Sommige wetenschappers dachten dat mieren weten hoe ver ze terug moeten lopen, door bij te houden hoeveel energie ze gebruiken op de heenweg. Maar ook als de beesten zwaar beladen terugkeren, en dus meer energie nodig hebben voor hun tocht, komen ze thuis. Anderen beweren dat de mier simpelweg afstanden schat door naar zijn omgeving te kijken. Maar uit eerder onderzoek bleek dat de insecten ook in het volstrekte donker of met afgeschermde ogen hun huis bereiken.

Een andere theorie is dat de insecten onthouden hoeveel stappen ze zetten. De mieren zouden dus een soort interne stappenteller, oftewel pedometer, hebben. Deze theorie bestaat al sinds 1904, maar werd nooit getest. De Duitsers en Zwitsers bedachten een wrede proef om de theorie alsnog te toetsen. Ze takelden de mieren flink toe door hun pootlengte aan te passen.

De onderzoekers maakten bij een deel van de mieren de poten langer. Met superlijm plakten ze stukjes varkenshaar aan de ledenmaten van het dier vast, waardoor ze als het ware stelten kregen. Andere mieren moesten het juist met kortere poten doen. De wetenschappers zetten bij deze beesten de schaar erin. De insecten uit een derde groep bleef al dit leed bespaard, zij mochten hun eigen poten houden.

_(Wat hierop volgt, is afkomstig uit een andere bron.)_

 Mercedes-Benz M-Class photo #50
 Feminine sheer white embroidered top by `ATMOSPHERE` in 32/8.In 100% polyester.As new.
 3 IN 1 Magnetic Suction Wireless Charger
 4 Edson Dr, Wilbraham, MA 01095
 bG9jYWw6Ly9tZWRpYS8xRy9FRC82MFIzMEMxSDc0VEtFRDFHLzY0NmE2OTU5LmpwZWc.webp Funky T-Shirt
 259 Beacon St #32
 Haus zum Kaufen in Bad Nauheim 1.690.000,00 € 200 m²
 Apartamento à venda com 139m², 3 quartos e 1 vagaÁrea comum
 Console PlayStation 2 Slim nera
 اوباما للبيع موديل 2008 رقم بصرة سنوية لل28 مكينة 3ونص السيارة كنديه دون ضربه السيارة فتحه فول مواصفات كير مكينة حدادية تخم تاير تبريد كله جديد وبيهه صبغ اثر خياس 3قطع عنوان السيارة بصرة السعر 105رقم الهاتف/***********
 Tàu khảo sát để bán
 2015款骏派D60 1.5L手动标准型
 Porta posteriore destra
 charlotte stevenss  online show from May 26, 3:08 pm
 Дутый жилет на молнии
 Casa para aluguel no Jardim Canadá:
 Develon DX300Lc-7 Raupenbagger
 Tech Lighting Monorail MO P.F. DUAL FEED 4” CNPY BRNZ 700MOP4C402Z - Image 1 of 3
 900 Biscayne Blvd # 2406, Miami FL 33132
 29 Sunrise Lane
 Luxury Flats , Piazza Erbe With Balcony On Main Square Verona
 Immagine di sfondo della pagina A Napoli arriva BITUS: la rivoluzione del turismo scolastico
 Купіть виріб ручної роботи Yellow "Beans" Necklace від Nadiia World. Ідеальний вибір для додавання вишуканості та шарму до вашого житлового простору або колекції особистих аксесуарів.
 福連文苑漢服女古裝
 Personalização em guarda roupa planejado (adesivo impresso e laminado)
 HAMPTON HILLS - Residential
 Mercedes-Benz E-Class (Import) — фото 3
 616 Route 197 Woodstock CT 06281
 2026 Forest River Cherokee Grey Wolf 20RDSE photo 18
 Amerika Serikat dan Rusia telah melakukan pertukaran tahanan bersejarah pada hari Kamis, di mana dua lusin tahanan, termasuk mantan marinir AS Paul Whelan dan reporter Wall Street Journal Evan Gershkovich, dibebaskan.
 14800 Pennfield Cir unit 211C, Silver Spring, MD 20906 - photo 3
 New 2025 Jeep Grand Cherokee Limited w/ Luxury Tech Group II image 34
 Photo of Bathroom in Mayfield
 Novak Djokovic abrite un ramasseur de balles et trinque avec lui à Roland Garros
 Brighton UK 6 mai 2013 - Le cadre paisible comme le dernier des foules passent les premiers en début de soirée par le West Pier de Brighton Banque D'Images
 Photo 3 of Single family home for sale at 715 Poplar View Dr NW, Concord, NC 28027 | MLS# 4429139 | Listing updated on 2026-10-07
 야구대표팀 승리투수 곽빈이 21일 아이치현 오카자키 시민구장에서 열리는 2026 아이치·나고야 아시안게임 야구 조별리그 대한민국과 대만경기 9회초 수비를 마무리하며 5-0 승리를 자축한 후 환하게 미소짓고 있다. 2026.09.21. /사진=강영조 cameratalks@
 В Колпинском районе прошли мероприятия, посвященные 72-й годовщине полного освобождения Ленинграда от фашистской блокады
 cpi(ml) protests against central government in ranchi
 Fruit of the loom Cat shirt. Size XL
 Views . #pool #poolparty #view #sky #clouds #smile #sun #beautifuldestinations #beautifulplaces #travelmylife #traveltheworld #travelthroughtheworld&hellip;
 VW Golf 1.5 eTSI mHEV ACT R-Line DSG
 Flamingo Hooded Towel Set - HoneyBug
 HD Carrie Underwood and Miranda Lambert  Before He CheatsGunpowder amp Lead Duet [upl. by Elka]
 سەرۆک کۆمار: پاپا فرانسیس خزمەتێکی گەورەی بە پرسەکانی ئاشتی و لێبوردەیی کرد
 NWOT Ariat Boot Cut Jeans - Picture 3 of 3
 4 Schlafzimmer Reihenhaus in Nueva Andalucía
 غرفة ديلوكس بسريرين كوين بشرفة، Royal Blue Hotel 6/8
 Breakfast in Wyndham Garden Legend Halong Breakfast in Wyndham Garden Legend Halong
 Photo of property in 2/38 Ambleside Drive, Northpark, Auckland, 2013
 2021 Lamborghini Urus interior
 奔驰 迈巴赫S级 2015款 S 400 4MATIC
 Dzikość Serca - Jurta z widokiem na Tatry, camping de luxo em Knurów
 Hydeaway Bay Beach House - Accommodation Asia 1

Hierna zetten de onderzoekers de mieren in een testomgeving, waarbij ze een parcours moesten doorlopen. De mieren waren eerder al getraind om dit traject te volgen, vanuit hun nest, door een aluminium buis naar een voederplaats en weer terug. Ze wisten daardoor precies hoe ver ze moesten lopen. Maar nu hielden de Duitse en Zwitserse biologen de mieren voor de gek. Ze vervingen de originele buis namelijk door een veel langere, die in het geheel niet bij het mierennest uitkwam.

De insecten begonnen nu op die plek in de buis waar ze hun nest verwachtten vertwijfeld te zoeken. Ze zigzagden heen en weer, maar vonden natuurlijk niets. Opvallend genoeg zochten de mieren op stelten heel ergens anders dan de insecten met geamputeerde ledematen. De eerste groep legde de grootste afstand af voor ze hun nest begonnen te missen. De mieren op stompjes liepen het minst ver.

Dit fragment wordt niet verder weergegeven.